Activity> Only the lines below between the one holding "Street view of" and the one holding "A wooden staircase", inclusive, are to be reproduced word for word; the pictures are to be left out.
--- Source records ---
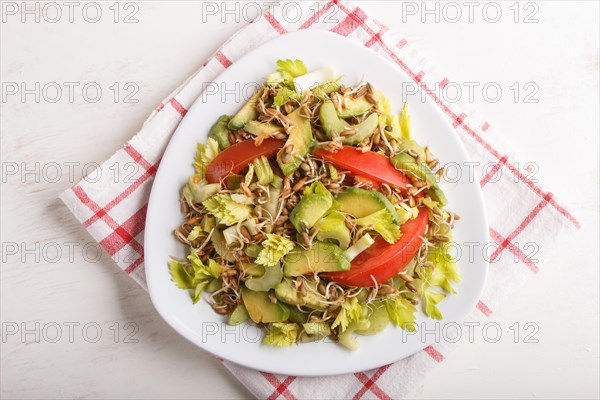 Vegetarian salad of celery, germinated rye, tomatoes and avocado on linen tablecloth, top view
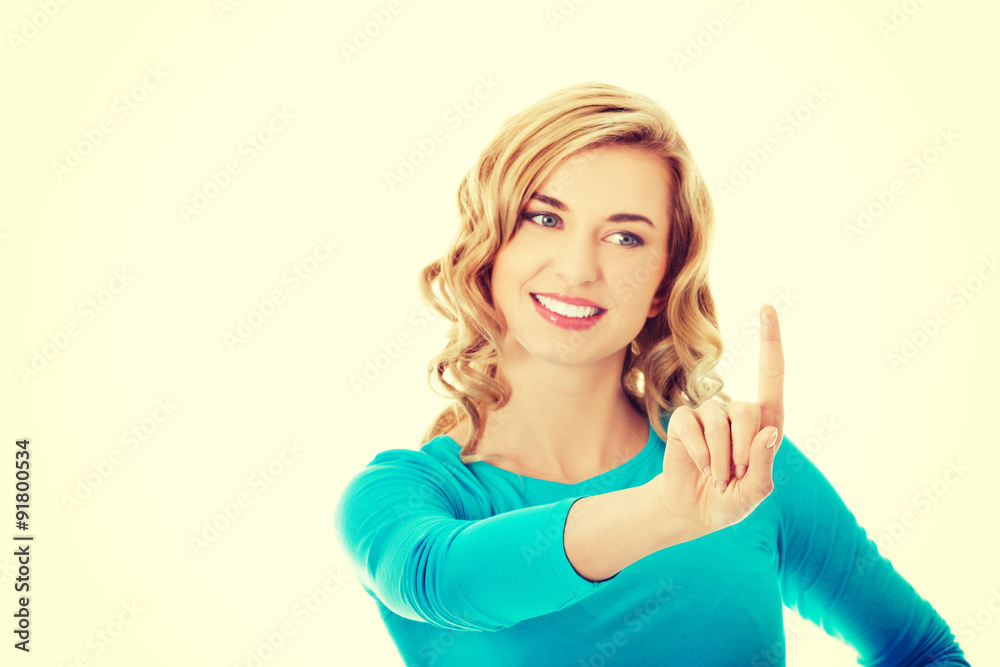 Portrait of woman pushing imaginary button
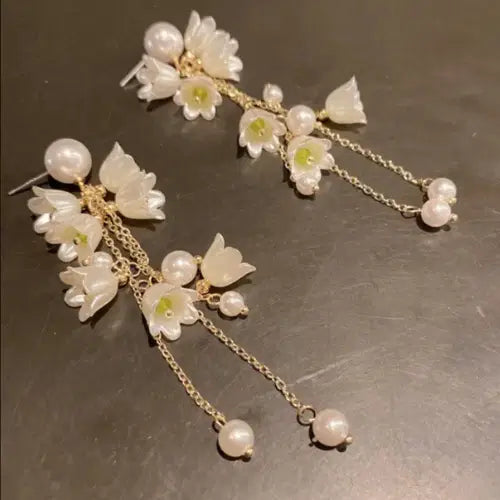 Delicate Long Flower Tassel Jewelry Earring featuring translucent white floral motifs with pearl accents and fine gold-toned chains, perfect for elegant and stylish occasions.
---
--- Source records ---
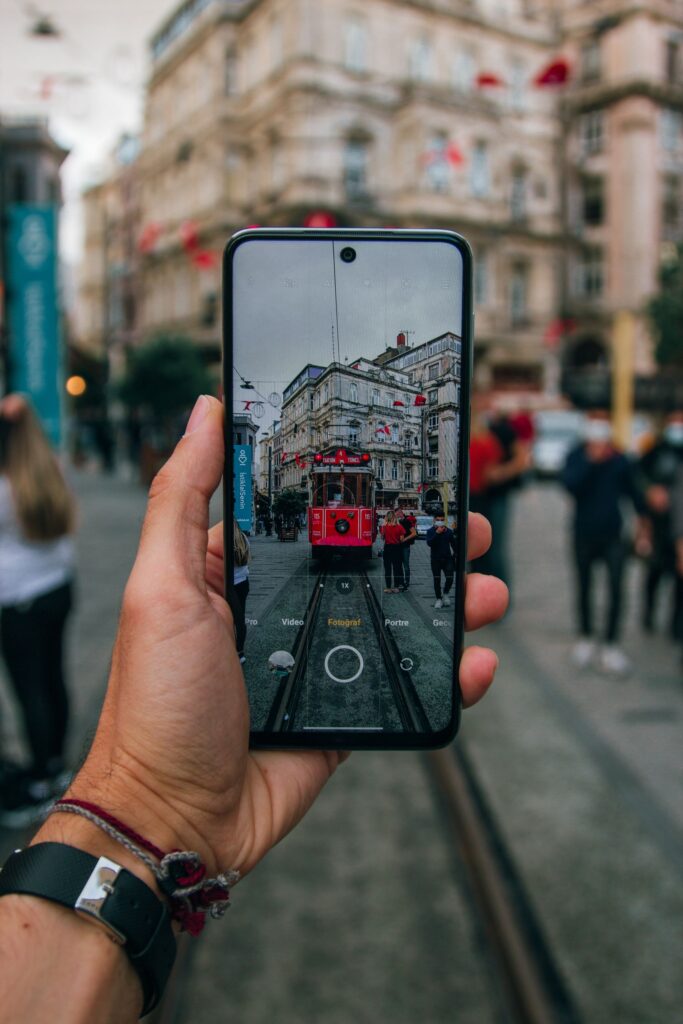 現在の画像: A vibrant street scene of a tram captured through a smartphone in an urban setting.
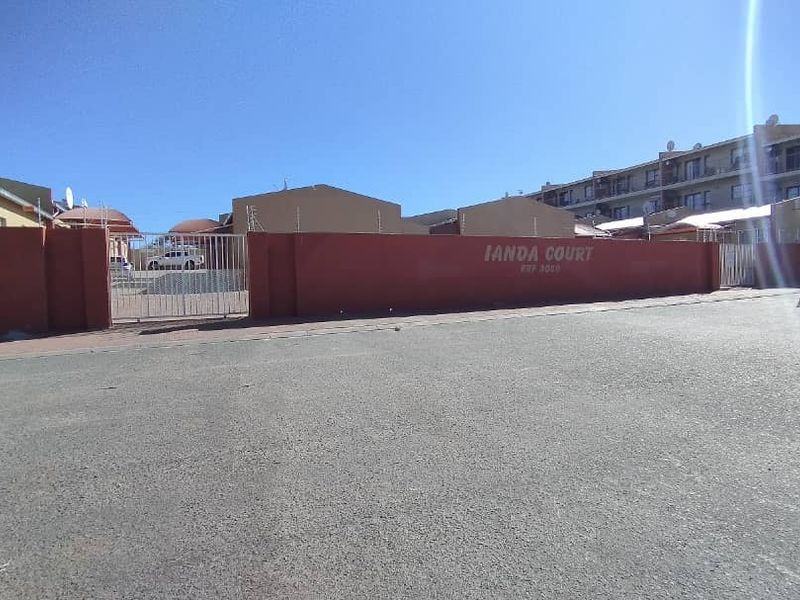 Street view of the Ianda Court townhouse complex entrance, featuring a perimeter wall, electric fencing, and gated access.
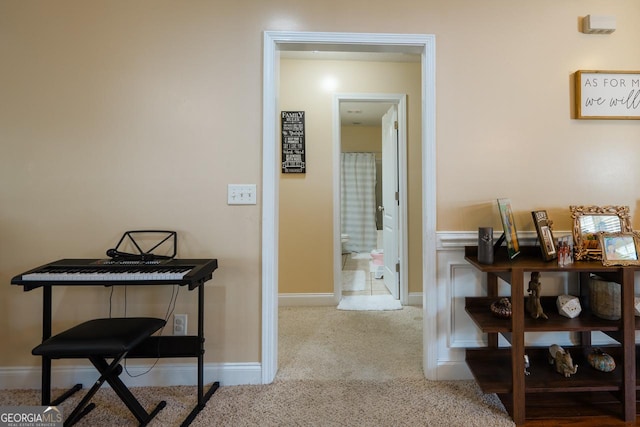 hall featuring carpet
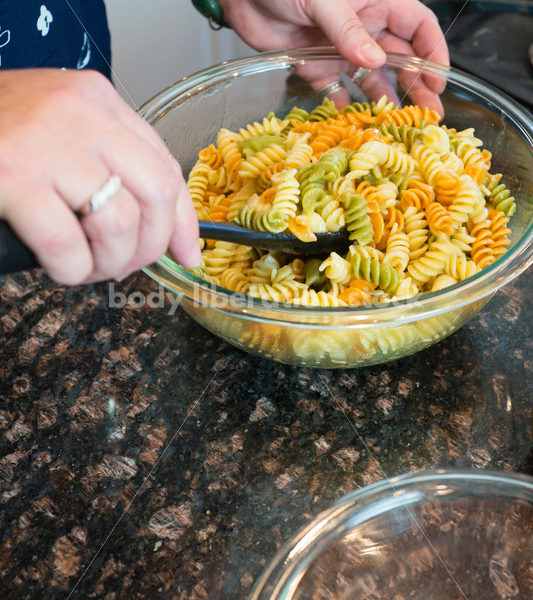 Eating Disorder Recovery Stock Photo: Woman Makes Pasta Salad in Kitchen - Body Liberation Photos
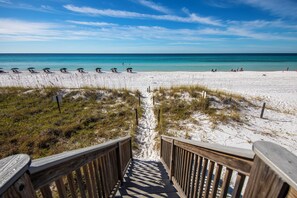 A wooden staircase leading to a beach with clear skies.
---
Answer space>
 Street view of the Ianda Court townhouse complex entrance, featuring a perimeter wall, electric fencing, and gated access.
 hall featuring carpet
 Eating Disorder Recovery Stock Photo: Woman Makes Pasta Salad in Kitchen - Body Liberation Photos
 A wooden staircase leading to a beach with clear skies.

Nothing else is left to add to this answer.